Monday, August 27, 2012

In the first week...

Before I started my enrolment, I spent some time reading ‘around’ what I was about to embark on. Much of the time during my honours year I felt as thought I didn’t know what was going on. Sure, I went to my classes, I knew what and when the assessments were but there were plenty of things that I felt very out-of-touch with and I wanted to try to be fore-warned and fore-armed for this academic adventure.

One of the things I did was start reading a blog called “The Thesis Whisperer” by Dr Inger Mewburn. “5 things to do in your first week” caught my attention so today’s post is a reply, of sorts, to Dr Inger’s post. The subheadings are Inger’s 5 suggestions.

1)   Get thee to Facebook (even if you hate it)
I was already all over this one! Yay, big tick. I’m an awesome student. Except for the fact that I’m pretty sure posting pictures of my dogs; checking in when I’m at the Dumpling House; and commenting on photos of friends' babies or their latest love life dilemmas wasn’t exactly what Inger meant. I was initially concerned this time wasting aspect of facebook, might hamper my ability to actually get any study done. I have an ex-student who, during VCE exam time, logged in & had her mother change her facebook password for her so she couldn’t waste time when she should be studying. I was thinking this was a tactic I might need to employ but so far my facebooking time has been kept under control by simply being busy.

What Inger was actually referring to was the opportunity for support to be found on social networking sites so I’ve joined the Deakin HDR group and might get on facebook later and see if I can find any groups dedicated to Creative Practice Research. Inger is also a proponent of Twitter so I’ve re-activated myself in that arena as well in order to follow a number of research- & PhD-related hashtags.

2)   Make friends with administrators
Although in recent times (not counting my undergraduate degree which I began more than 20 years ago on campus) I have completed a number of years of study with Deakin, it has all been as an off-campus student. What this means is, although I developed a rapport with my immediate lecturer, I knew very little about who the administrators were or who to contact if I had any problems (blissfully, I had very few).

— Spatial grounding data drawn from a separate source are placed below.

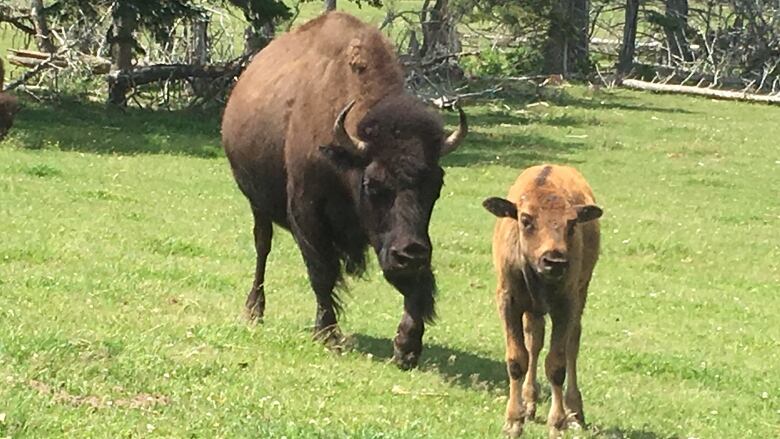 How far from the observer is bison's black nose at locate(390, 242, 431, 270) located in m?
10.3

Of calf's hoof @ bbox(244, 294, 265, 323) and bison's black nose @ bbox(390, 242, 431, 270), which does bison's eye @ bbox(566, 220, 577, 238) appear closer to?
bison's black nose @ bbox(390, 242, 431, 270)

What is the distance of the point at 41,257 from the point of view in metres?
14.1

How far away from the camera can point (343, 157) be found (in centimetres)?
1096

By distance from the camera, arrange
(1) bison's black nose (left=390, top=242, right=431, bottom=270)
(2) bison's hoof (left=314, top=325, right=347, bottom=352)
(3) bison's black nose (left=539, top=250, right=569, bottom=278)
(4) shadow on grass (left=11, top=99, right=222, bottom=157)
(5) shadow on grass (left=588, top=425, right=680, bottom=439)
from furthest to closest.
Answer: (4) shadow on grass (left=11, top=99, right=222, bottom=157), (2) bison's hoof (left=314, top=325, right=347, bottom=352), (1) bison's black nose (left=390, top=242, right=431, bottom=270), (5) shadow on grass (left=588, top=425, right=680, bottom=439), (3) bison's black nose (left=539, top=250, right=569, bottom=278)

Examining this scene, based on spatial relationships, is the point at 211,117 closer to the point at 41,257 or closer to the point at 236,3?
the point at 236,3

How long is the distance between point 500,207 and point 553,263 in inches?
26.3

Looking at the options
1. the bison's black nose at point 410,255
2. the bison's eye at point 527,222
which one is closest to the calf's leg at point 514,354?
the bison's eye at point 527,222

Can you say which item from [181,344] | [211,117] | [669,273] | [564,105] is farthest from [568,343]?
[564,105]

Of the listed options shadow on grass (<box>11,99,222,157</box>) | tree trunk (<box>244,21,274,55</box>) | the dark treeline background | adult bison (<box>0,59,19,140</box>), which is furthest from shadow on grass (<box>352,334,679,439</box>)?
tree trunk (<box>244,21,274,55</box>)

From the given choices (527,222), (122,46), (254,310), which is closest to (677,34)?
(122,46)

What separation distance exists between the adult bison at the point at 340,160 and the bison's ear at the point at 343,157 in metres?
0.01

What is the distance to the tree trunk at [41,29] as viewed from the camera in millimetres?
31181

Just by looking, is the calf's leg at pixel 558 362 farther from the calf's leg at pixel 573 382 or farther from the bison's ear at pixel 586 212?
the bison's ear at pixel 586 212

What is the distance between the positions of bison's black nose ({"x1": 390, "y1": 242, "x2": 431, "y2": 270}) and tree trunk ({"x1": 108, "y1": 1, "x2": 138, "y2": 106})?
19.3 meters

So, in an effort to follow suggestion number 2, I’ve started a list of appropriate people’s names and roles. Like I said, being off-campus makes it a bit tricky but I plan to go & introduce myself when I go in for induction in a couple of weeks. Maybe I just get half a tick for this one.

3)   Do a library tour and make an appointment with your Liaison librarian
I haven’t done this just yet. (Big black cross!) But I am going along to my induction session on the 10th of September and tonight’s homework is to suss out when the library sessions are.

4)   Crank up that software.
I think I have all the software that I need but I need to become a bit more au fait with using it, I have my eye on an Endnote session at the library which might help me to wrap my head around this particular software. I learnt about it during honours but I didn’t use it, in fact, I tended to keep my reference information on paper. (Nothing like kickin’ it old school.)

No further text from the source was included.